84歳の翻訳家スヴェトラーナが織り成す深く静かな言語の世界と、紡がれる美しい言葉たち――。 ドストエフスキー文学と共に歩んだ一人の女性の数奇な半生を追ったドキュメンタリー
84歳の翻訳家スヴェトラーナ・ガイヤーの横には、華奢な姿に不似合いな重厚な装丁の本が積まれている。『罪と罰』、『カラマーゾフの兄弟』、『悪霊』、『未成年』、『白痴』、言わずと知れたロシア文学の巨匠・ドストエフスキーの長編作品。それらを"五頭の象"と呼び、生涯をかけてドイツ語に訳した。1923年ウクライナ・キエフで生まれ、スターリン政権下で少女時代を過ごし、ナチス占領下でドイツ軍の通訳者として激動の時代を生き抜いた彼女は、なぜドストエフスキーを翻訳したのだろうか?一人の女性が歩んだ数奇な半生にひっそりと寄りそう静謐な映像が、文学の力によって高められる人の営みをたおやかに描き出す。
ロシア文学の巨匠ドストエフスキーの長編5作とは?
(スヴェトラーナはこれらを五頭の象と呼びロシア語→ドイツ語に訳しました)
罪と罰 カラマーゾフの兄弟 白痴 未成年 悪霊
翻訳のプロフェッショナル、ドイツの名翻訳家スヴェトラーナ・ガイヤー 一つ一つの言葉を丹念に選び出す
心を揺さぶる研ぎ澄まされた語感と、作家への絶対的な敬意によって築かれた彼女独自の翻訳スタイル。その極意は、学生の頃にドイツ語の先生が教えてくれた「翻訳する時は、鼻を上げなさい」だ。この極意をスヴェトラーナは今でも忠実に守っている。

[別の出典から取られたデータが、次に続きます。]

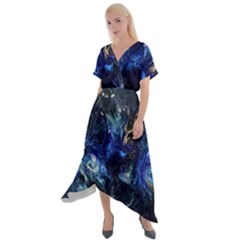 Somewhere In Space Cross Front Sharkbite Hem Maxi Dress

「翻訳というのは言葉を右から左へ移し替える尺取虫だけじゃダメよ、原文に寄り添い、一度すべてを自分の中に取り込む、つまり心で読み込まなきゃならないの」と彼女は語る。オリジナルの文章の意味だけでなく、間や空間、原作者の描いた情景を忠実に描き出すため、舞台となった小説の街を旅して、その土地の人々の暮らしぶりや地形を把握したというスヴェトラーナ。撮影当時、84歳でも熱意は変わらず文学翻訳の可能性と限界に、濃密な時間と情熱を注ぎこむ。
スヴェトラーナ・ガイヤー
1923年-2010年、享年87歳。ロシア文学をドイツ語に翻訳する名翻訳者。"5頭の象"と称されるドストエフスキーの5大傑作小説の新訳は、ドストエフスキー文学に新しい声を与えたと言われ、彼女のライフワークであり、ドイツ文学界の偉業と称賛されている。
どんなに苛酷な運命でも、本が好きだから乗り越えられた 文学への深い愛情が描かれる
本好きだった少女が、母の勧めでドイツ語を習い、スターリンとナチスに揺れた激動の近代ヨーロッパを生き残るため、敵軍の"通訳者"として言葉を駆使し、家族を守った。そして、時代が落ち着いたとき、故郷ウクライナを離れ、見知らぬ街で自分自身を見出していくために使ったのが、また文学の力だった。深い悲しみや、絶望に打ちひしがれず、人生に光明を見出すことになった彼女の文学への深い愛情が描き出されていく。
凛とした生き方を感じさせる、美しさへのこだわり Text=Txtile "TEXT(文章)"と"TEXTILE(織物)"は同じラテン語の"織る"から生まれた
もともと生地を表す"テキスタイル"と、文章を表す"テキスト"は同じラテン語の"織る"が語源。一つ一つ糸が密に絡み合い、織り重なり生地が出来る。文学もまた言葉の織物だと、スヴェトラーナは語る。本作では、翻訳家歴40年の彼女の仕事風景と共に、その静かな暮らしぶりが描かれる。使いこまれたリネンや、気が遠くなるような細かく編まれたレース、古いロシア調の家のあちこちに彼女の"こだわり"が溢れている。オリジナルを追い求める翻訳家によって選び抜かれた雑貨たちが、小さな家で彼女に寄り添うように静かに時を刻んでいる。この住居も彼女によって織り出されたひとつの美しい"テキスト"といえる。